Tanz und Schauspiel unter einem Dach vereint, sich gegenseitig befruchtend – das war vor vier Jahren der Traum von der neuen Schaubühne. Und nun streiten sich Thomas Ostermeier und Sasha Waltz nur noch um die knappen Mittel. Organisatorische Unabhängigkeit innerhalb des Hauses – das erscheint Waltz und Sandig derzeit als einziger Ausweg aus dem Dilemma. Ihnen schwebt ein ähnliches Kooperationsmodell vor wie beim Wuppertaler Tanztheater. Jochen Sandig macht eine einfache Rechnung auf. Mit den zahlreichen Gastspielen und 130 Aufführungen pro Spielzeit spielt der Tanz prozentual mehr ein, als er aus dem Schaubühnen-Etat bekommt. Solche Zahlenspiele sind allerdings innerhalb der Direktion umstritten. Das Schauspiel bestreitet die Schlechterstellung des Tanzes. Künftig will Sasha Waltz über die Einnahmen aus den Gastspielen selbst verfügen. Das Geld braucht sie dringend, um die Company von derzeit 12 auf 22 Tänzer aufzustocken. Doch dazu bedarf es noch zusätzlicher Mittel. Woher die kommen sollen, weiß niemand.

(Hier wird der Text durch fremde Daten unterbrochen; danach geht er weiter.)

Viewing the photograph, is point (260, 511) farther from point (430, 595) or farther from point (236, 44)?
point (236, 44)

„Wir sind am Limit angelangt“, lautet das deutliche Signal. Bei dem von Alice Ströver (Bündnis 90/Grüne) veranstalteten Berliner Kultursalon zum Thema „Tanz und Ballett am Wendepunkt“ sagte Sasha Waltz am Donnerstag: „Wir können so nicht mehr weitermachen. Ich bin nicht länger bereit, auf Kosten meiner Tänzer zu arbeiten."

Vor zehn Jahren feierte die Choreografin mit „Twenty to Eight“, dem ersten Teil der „Travelogue“-Trilogie, den ersten überwältigenden Erfolg in Berlin. Schnell war klar: Sasha Waltz & Guests gehört die Zukunft. In diesem Jahrzehnt hat Sasha Waltz den Tanz in Berlin geprägt wie keine andere Künstlerin. Das steht nun alles auf dem Spiel.

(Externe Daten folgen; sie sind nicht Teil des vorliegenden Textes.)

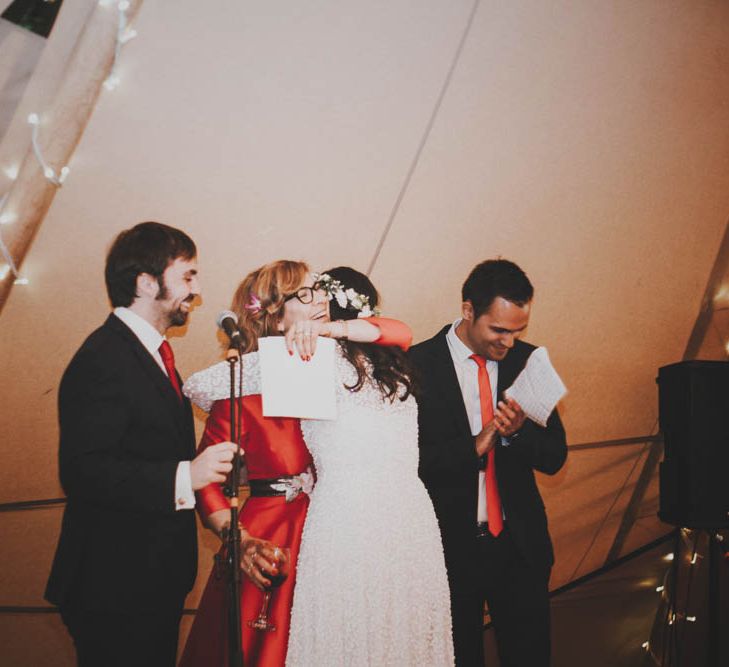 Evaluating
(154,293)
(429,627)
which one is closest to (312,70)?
(154,293)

In Bordeaux konnte man erleben, welche künstlerischen Energien Waltz zu mobilisieren versteht. Sie ist künstlerisch immer noch unterwegs. Ob sie ihre Expeditionen auch künftig von Berlin aus unternehmen wird, ist die entscheidende Frage. Noch laufen an der Schaubühne die Verhandlungen, aber das Risiko des Scheiterns ist groß. Und zum ersten Mal verhandeln Waltz und Sandig auch mit einem anderen Theater: mit der Oper von Marseille.

Berlin sollte alarmiert sein. Sasha Waltz zu halten, das ist nicht allein eine Schaubühnen-interne Angelegenheit, das liegt im Interesse der Hauptstadt. Zwar hat Kultursenator Thomas Flierl Schaubühnen-Direktor Jürgen Schitthelm bereits zu verstehen gegeben, dass eine Schaubühne ohne Tanz nicht vorstellbar sei. Doch dass der Tanz in Schitthelm nicht unbedingt einen Förderer gefunden, ist längst kein Geheimnis mehr. Die international gefeierte Schaubühnen-Choreografin sieht sich nun in der Position der Bittstellerin. Kein guter Ausgangspunkt für eine Einigung.

Sasha Waltz und die Schaubühne: Eine liaison dangereuse war das von Anfang an. Hoffentlich keine Mesalliance.